» **Your assignment**
Starting with the line that contains "Modern Set of", return every line through the end of the listing below exactly as written. Omit the pictures.

» **Information supplied**
----------------------------------------
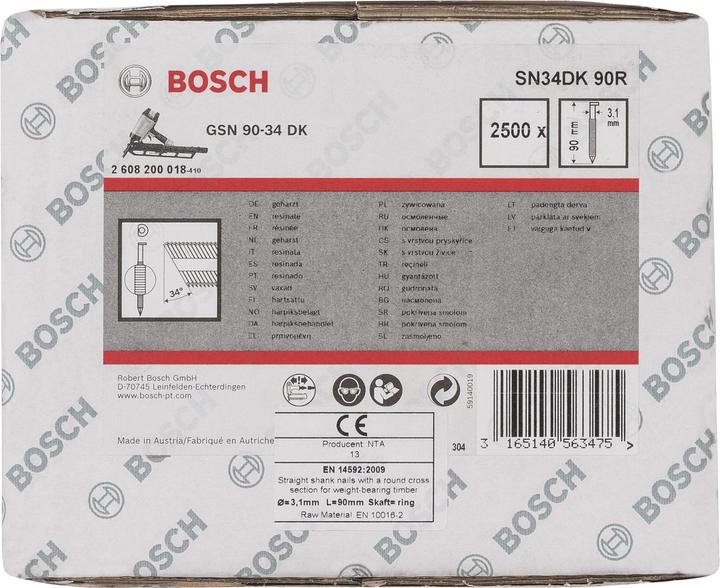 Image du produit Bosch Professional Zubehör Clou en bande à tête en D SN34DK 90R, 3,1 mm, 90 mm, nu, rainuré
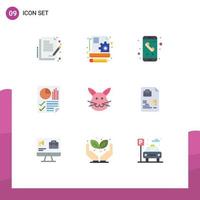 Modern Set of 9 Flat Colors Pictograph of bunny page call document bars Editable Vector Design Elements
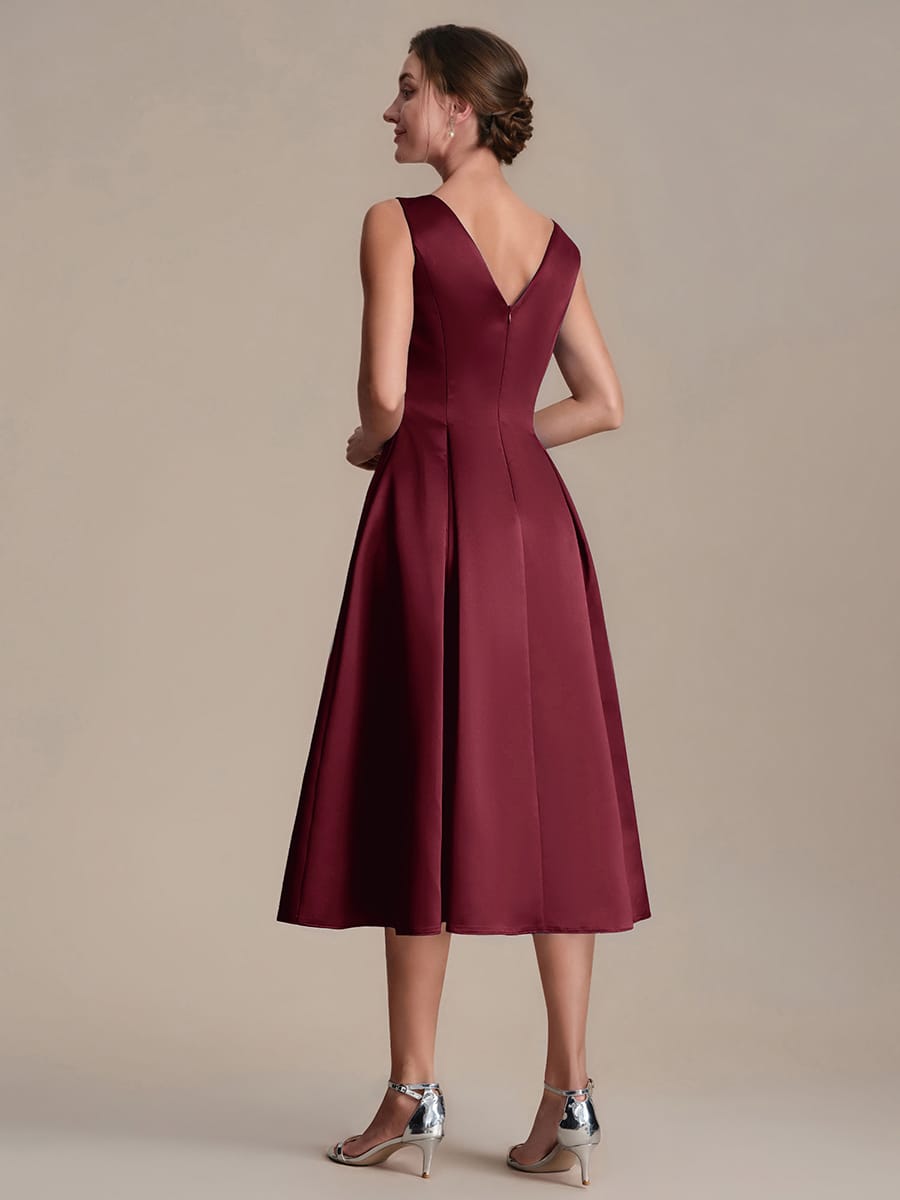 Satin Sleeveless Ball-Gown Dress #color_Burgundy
----------------------------------------
» **Exercise answer**
 Modern Set of 9 Flat Colors Pictograph of bunny page call document bars Editable Vector Design Elements
 Satin Sleeveless Ball-Gown Dress #color_Burgundy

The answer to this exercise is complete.